--- START ---
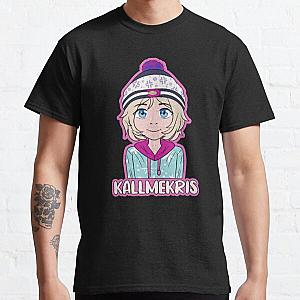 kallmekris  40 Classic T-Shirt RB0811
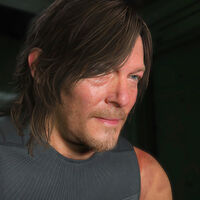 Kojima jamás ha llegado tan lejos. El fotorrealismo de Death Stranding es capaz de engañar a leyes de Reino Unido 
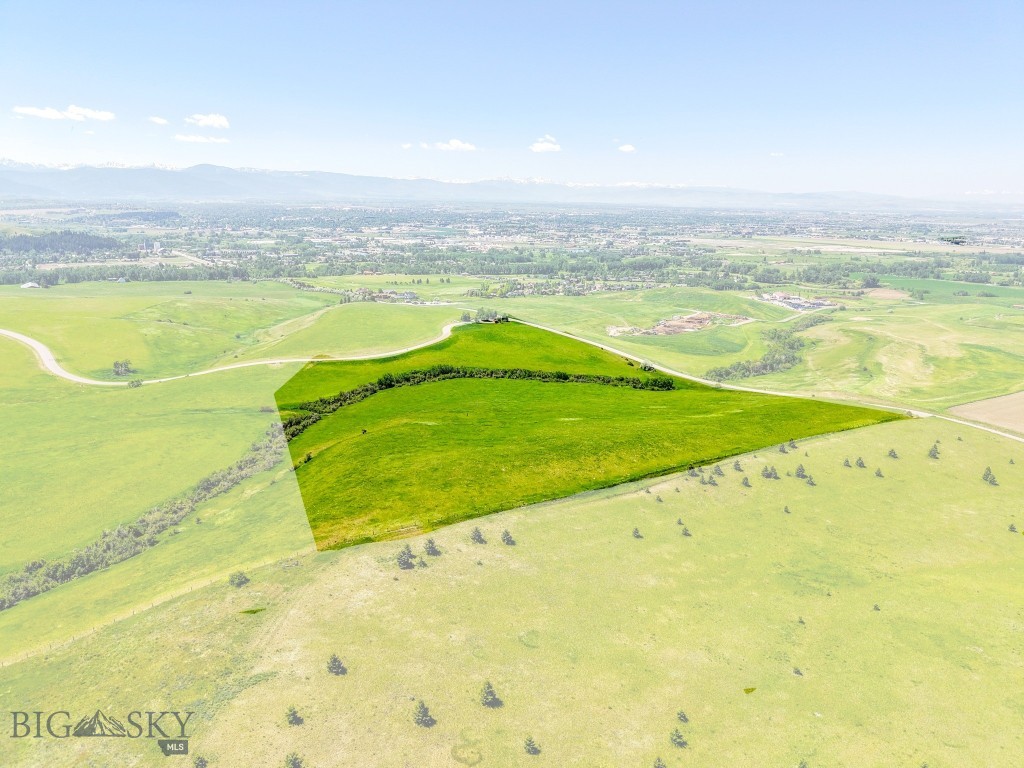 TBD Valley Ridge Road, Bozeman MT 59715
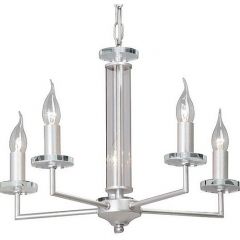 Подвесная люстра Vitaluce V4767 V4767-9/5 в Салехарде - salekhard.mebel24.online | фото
--- END ---
Directions for this task
Using the listing above, write out exactly the lines from the one that holds "Kojima jamás ha" through the last line, both included, and omit pictures.

Final answer
 Kojima jamás ha llegado tan lejos. El fotorrealismo de Death Stranding es capaz de engañar a leyes de Reino Unido 
 TBD Valley Ridge Road, Bozeman MT 59715
 Подвесная люстра Vitaluce V4767 V4767-9/5 в Салехарде - salekhard.mebel24.online | фото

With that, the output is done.